Record excerpts ->
::::::

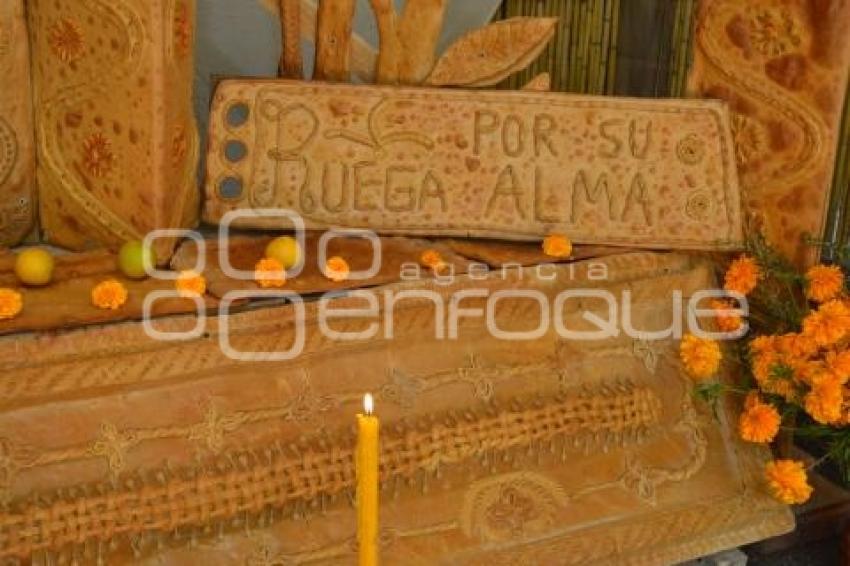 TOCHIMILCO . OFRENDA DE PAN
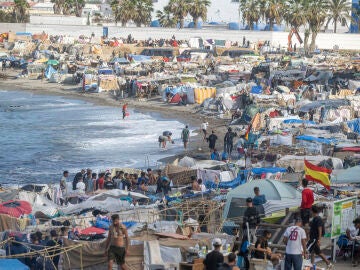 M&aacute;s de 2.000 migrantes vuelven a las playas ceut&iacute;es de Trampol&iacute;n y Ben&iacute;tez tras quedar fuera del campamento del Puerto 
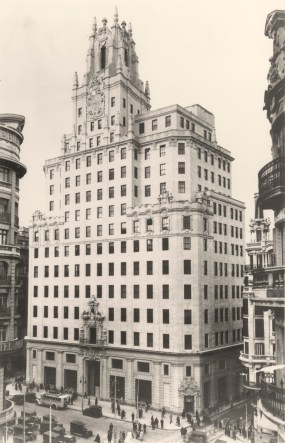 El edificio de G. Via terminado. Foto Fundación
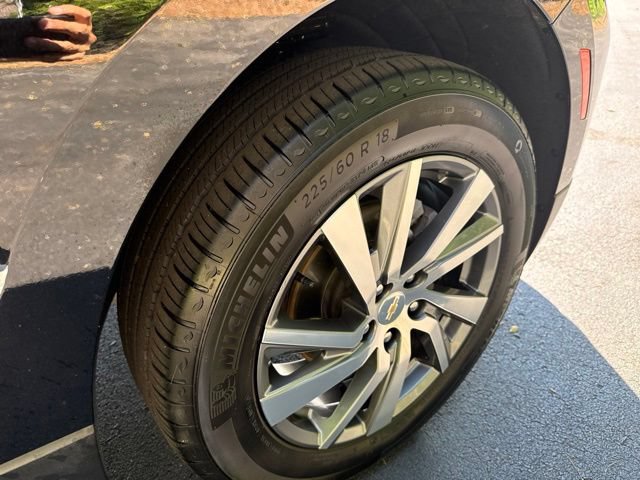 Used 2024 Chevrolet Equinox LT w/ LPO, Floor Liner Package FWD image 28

::::::

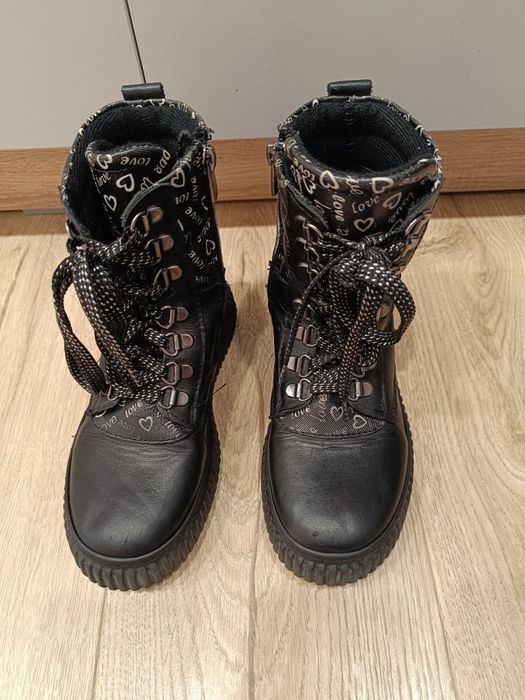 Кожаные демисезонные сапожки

::::::

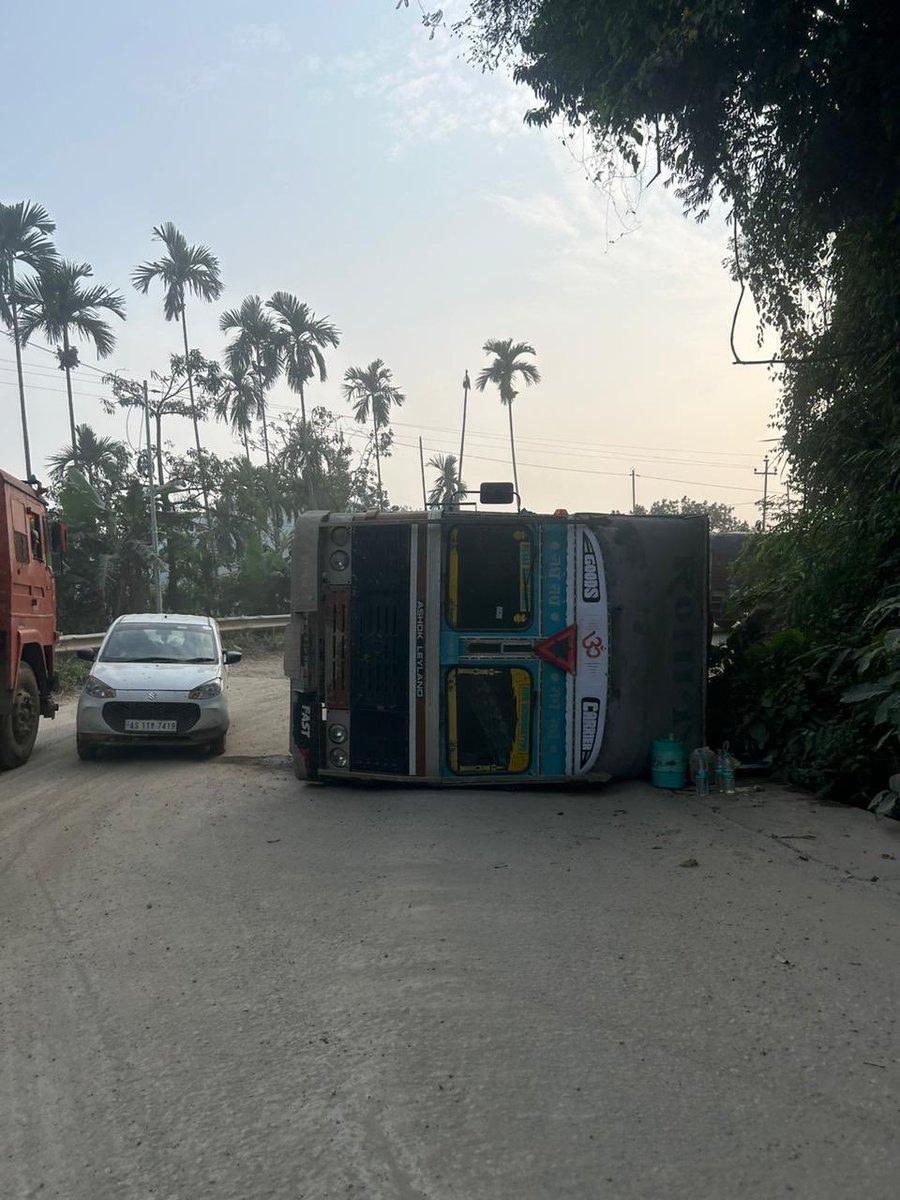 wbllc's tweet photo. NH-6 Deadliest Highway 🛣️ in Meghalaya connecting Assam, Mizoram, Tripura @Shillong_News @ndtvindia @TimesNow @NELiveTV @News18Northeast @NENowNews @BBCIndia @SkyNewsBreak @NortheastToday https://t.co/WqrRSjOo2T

::::::

Task directions ->
In the records above, everything from the line with "El edificio de" down to the line with "Used 2024 Chevrolet" is to be set down exactly, both ends included, with no pictures and no other lines.

Your solution ->
 El edificio de G. Via terminado. Foto Fundación
 Used 2024 Chevrolet Equinox LT w/ LPO, Floor Liner Package FWD image 28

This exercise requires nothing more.